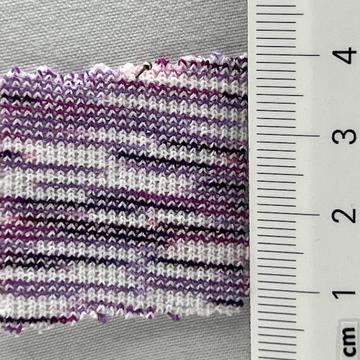 14 Lavender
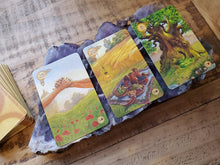 Load image into Gallery viewer, In-Depth Lenormand Card Reading, Typed
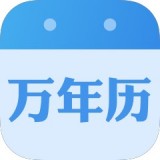 稳定的fq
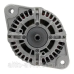 Генератор Volvo 9700, 9900, B11, FH, FH16, FM ➤ Bosch 0124655079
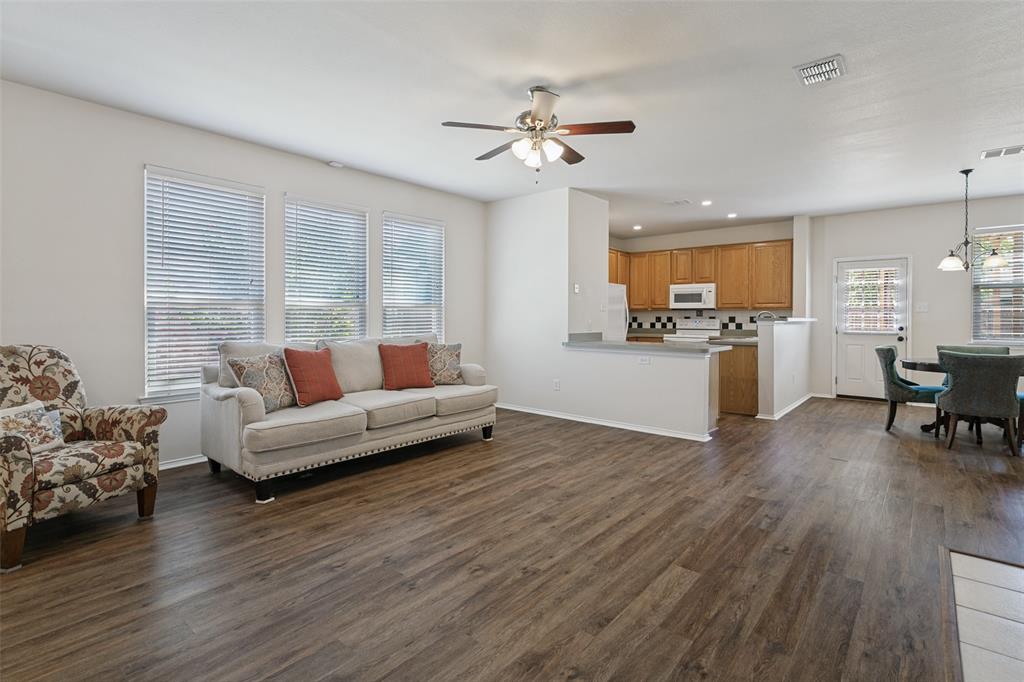 8405 Ram Ridge Road Property Photo 6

·····

TO DO: Please print out the entries above exactly. The pictures stay out.

ANSWER TO THIS PROBLEM:
 14 Lavender
 Load image into Gallery viewer, In-Depth Lenormand Card Reading, Typed
 稳定的fq
 Генератор Volvo 9700, 9900, B11, FH, FH16, FM ➤ Bosch 0124655079
 8405 Ram Ridge Road Property Photo 6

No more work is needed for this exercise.